## About this task
Please restate the entries below word for word, leaving out any pictures.

## Material shown
==*==

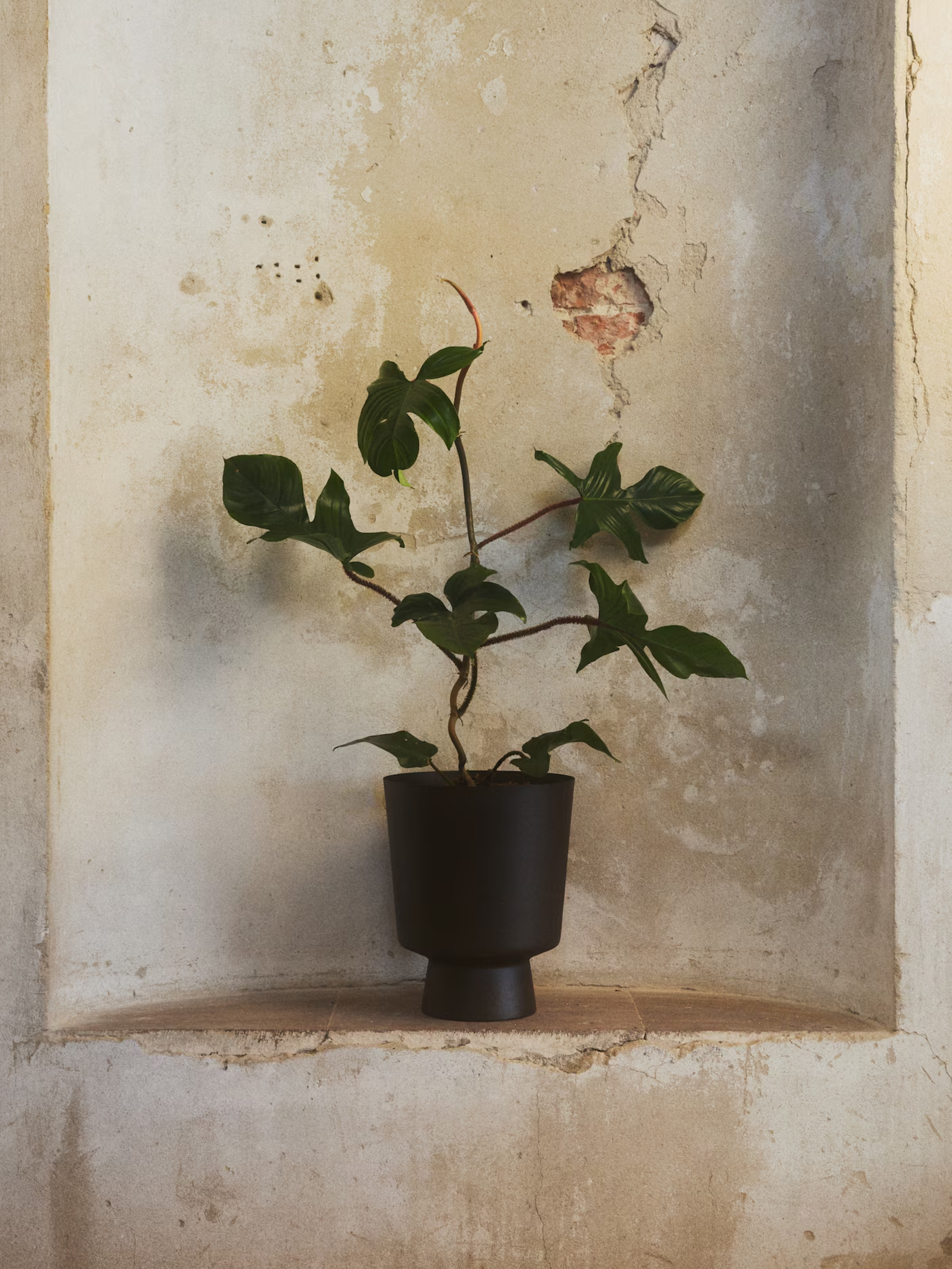 hm, Large metal plant pot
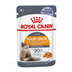Royal Canin FCN Hair & Skin Jelly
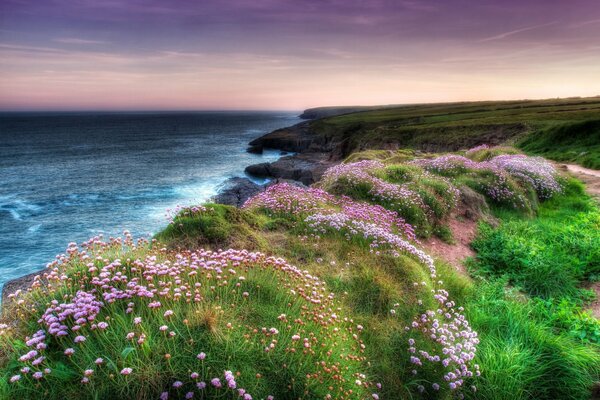 En la costa del mar muy hermosa naturaleza y flores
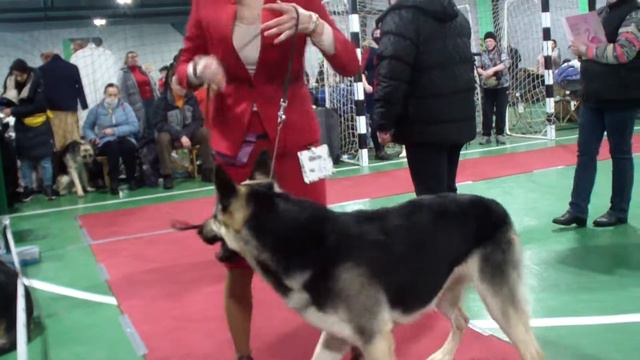 кобели рабочий Bestdog.mybb.ru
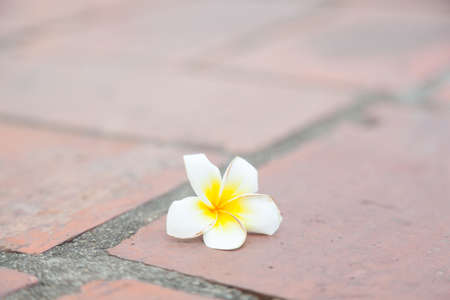 White flower on the ground White flower that fall from the trees on the pathway in the garden.の写真素材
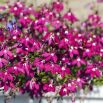 Lobelia przylądkowa karminowoczerwona - Stroiczka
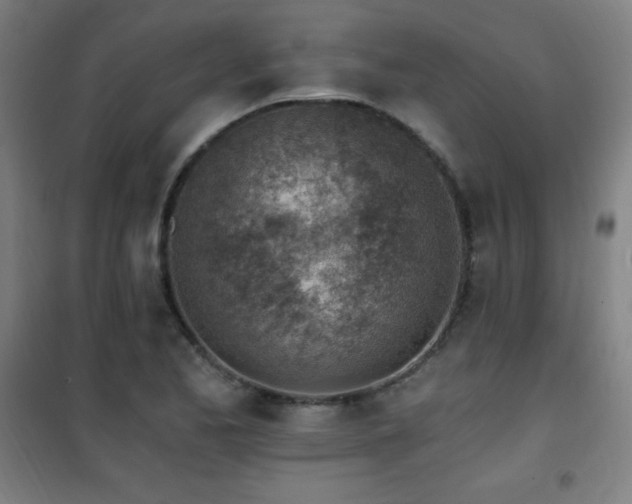 X0000101651173200807101224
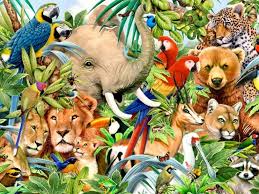 Jungle Animals One Wallpapers Whats Your Spirit Animal Animals Tropical Animals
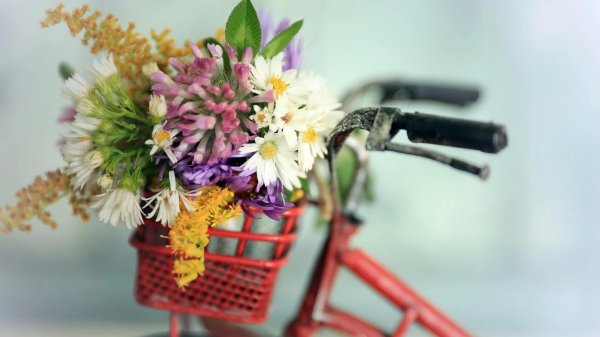 велосипед в поле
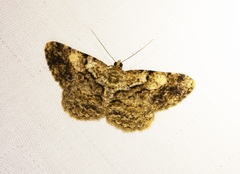 Psilalcis galsworthyi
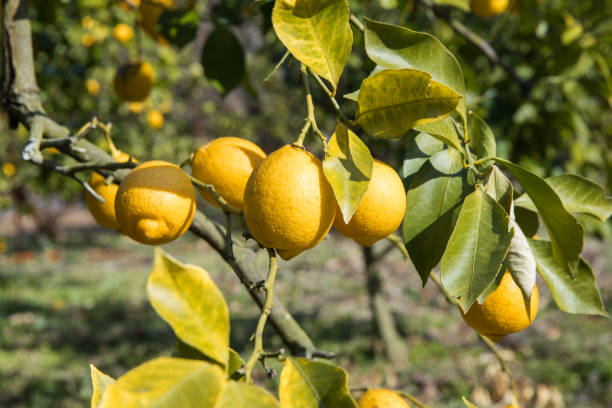 istock Lemon cultivation in Japan 823378806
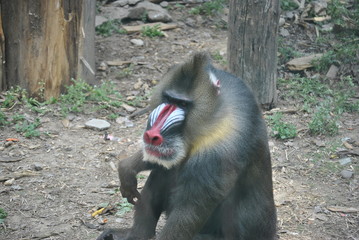Mandrill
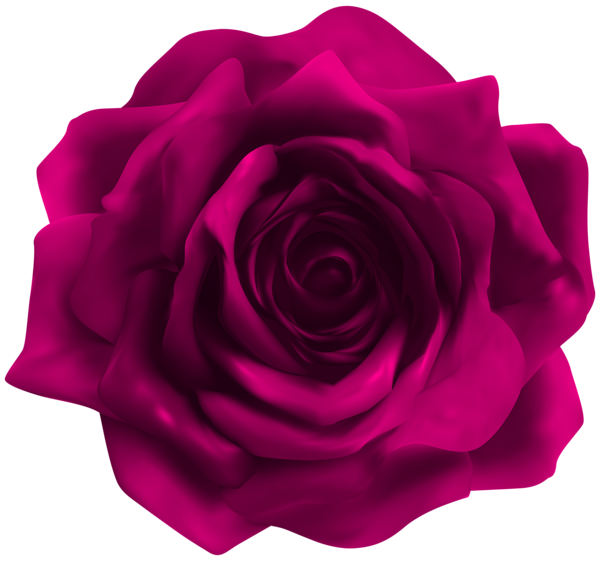 This png image - Pink Rose Transparent Image, is available for free download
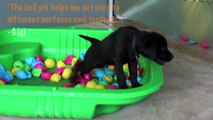 Guide Dogs SA.NT - introducing the G Litter pups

==*==

## Finished exercise
 hm, Large metal plant pot
Royal Canin FCN Hair & Skin Jelly
 En la costa del mar muy hermosa naturaleza y flores
 кобели рабочий Bestdog.mybb.ru
 White flower on the ground White flower that fall from the trees on the pathway in the garden.の写真素材
 Lobelia przylądkowa karminowoczerwona - Stroiczka
 X0000101651173200807101224
 Jungle Animals One Wallpapers Whats Your Spirit Animal Animals Tropical Animals
 велосипед в поле
 Psilalcis galsworthyi
 istock Lemon cultivation in Japan 823378806
Mandrill
 This png image - Pink Rose Transparent Image, is available for free download
 Guide Dogs SA.NT - introducing the G Litter pups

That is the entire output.